#### [Problem to work on]
From the line that contains "Distracție în Lord's Pub" down to the last line of the data below, restate every line word for word, skipping any images.

#### [Data for processing]
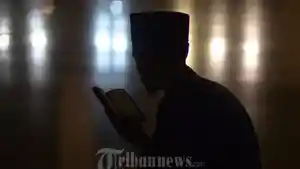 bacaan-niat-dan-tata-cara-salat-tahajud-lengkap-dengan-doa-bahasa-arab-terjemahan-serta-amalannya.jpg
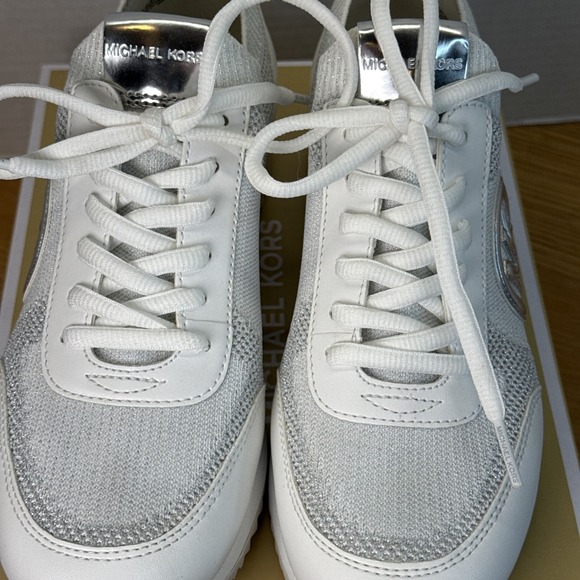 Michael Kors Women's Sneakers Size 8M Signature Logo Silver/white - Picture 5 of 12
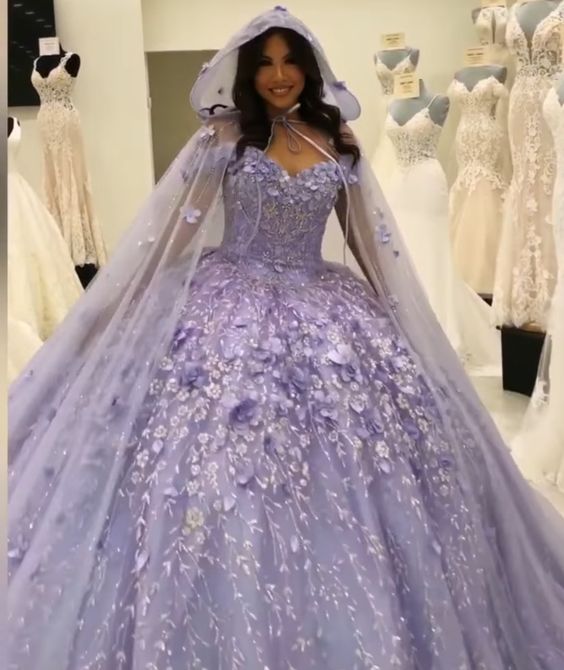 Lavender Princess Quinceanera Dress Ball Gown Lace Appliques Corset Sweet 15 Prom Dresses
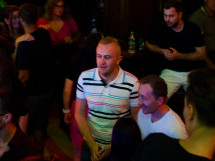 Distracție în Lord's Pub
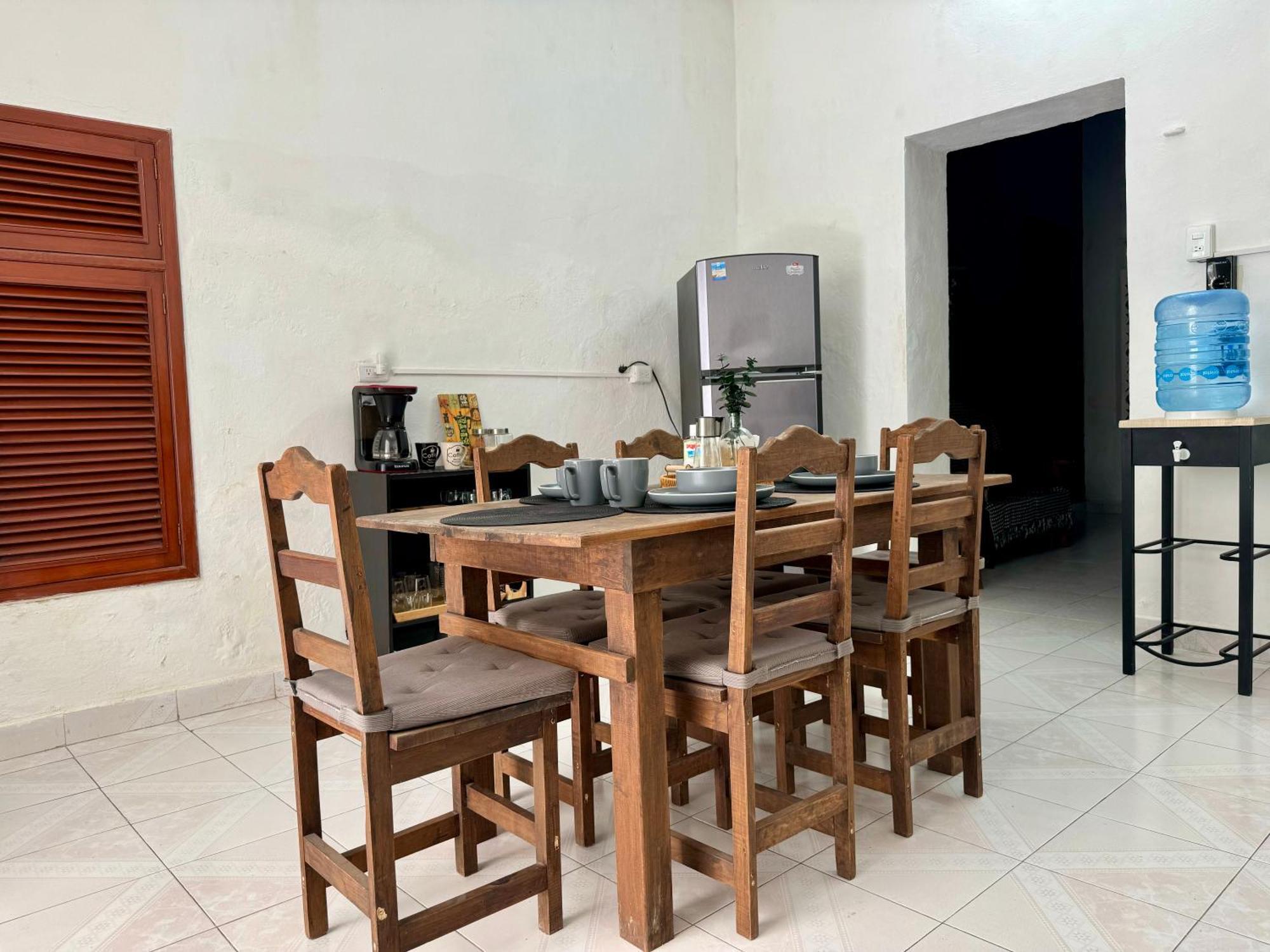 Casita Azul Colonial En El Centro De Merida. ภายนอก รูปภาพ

#### [Written solution]
 Distracție în Lord's Pub
 Casita Azul Colonial En El Centro De Merida. ภายนอก รูปภาพ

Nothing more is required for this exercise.